Já Francis Bacon (1561-1626) tem no "Novum organum" uma obra fundamental em que compreende a ciência como um novo órgão, um novo sentido do pensamento. Com ele tem início o caráter "prometéico" da ciência: não um saber contemplativo e desinteressado, mas um saber instrumental, que possibilite a dominação da natureza:
"Bacon acreditava que o avanço dos conhecimentos e das técnicas, as mudanças sociais e políticas e o desenvolvimento das ciências e da Filosofia propiciariam uma grande reforma do conhecimento humano, que seria também uma grande reforma na vida humana. Tanto assim que, ao lado de suas obras filosóficas, escreveu uma obra filosófico-política, a Nova Atlântida, na qual descreve e narra uma sociedade ideal e perfeita, nascida do conhecimento verdadeiro e do desenvolvimento das técnicas." (Chauí, 1996: 116).

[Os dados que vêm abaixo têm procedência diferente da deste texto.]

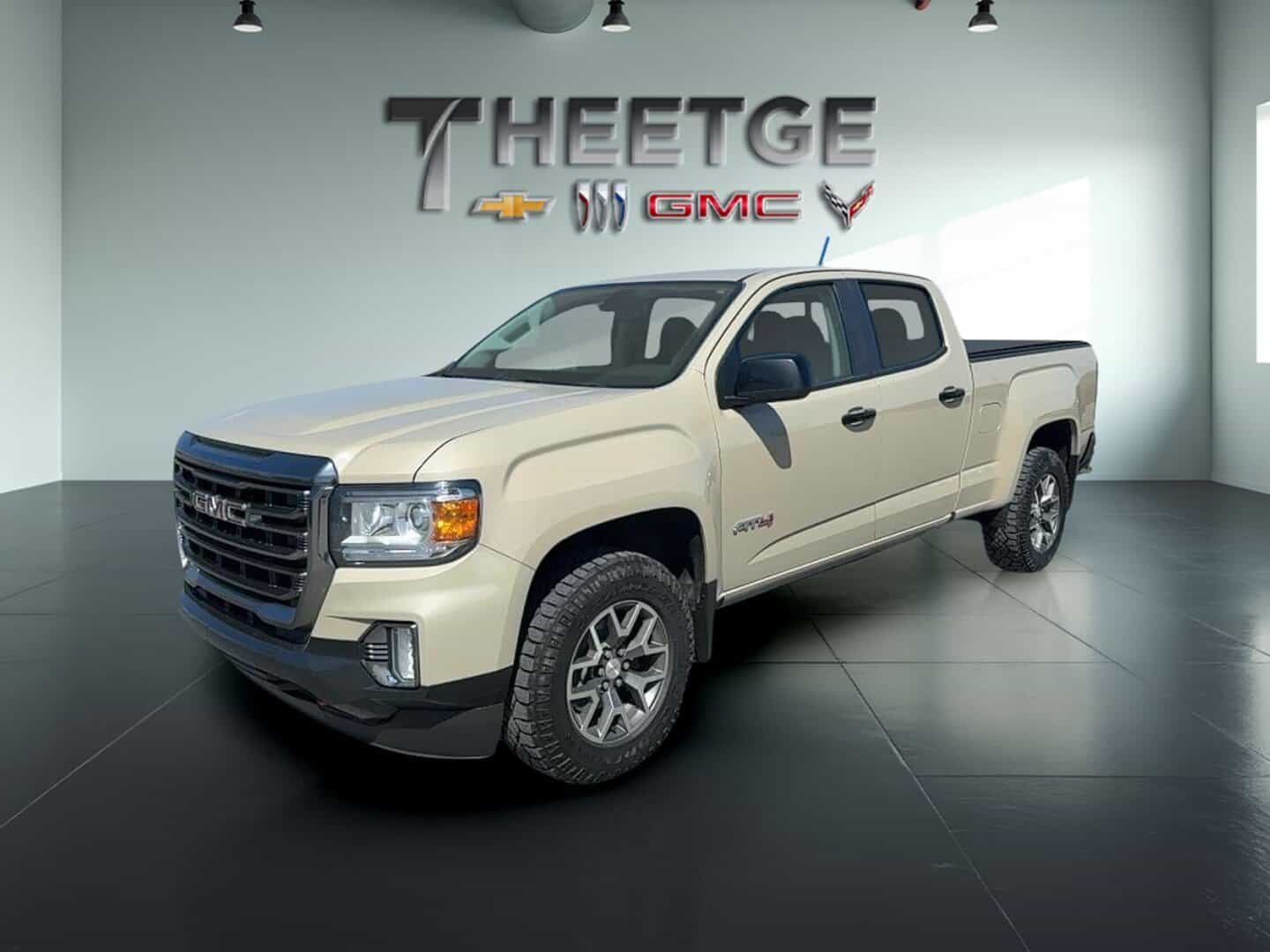 2022 GMC Canyon AT4 cabine multiplace 4RM 141 po avec cuir - Image 1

Bacon propôs uma separação entre a ciência e as humanidades (estas preocupadas com a justiça, com as pessoas, com a natureza, com o sagrado) e foi forte propulsor do empiricismo, difundindo a crença de que o ponto de partida de todo conhecimento deveria ser a observação, a descrição fiel da realidade, isenta de julgamentos e interpretações.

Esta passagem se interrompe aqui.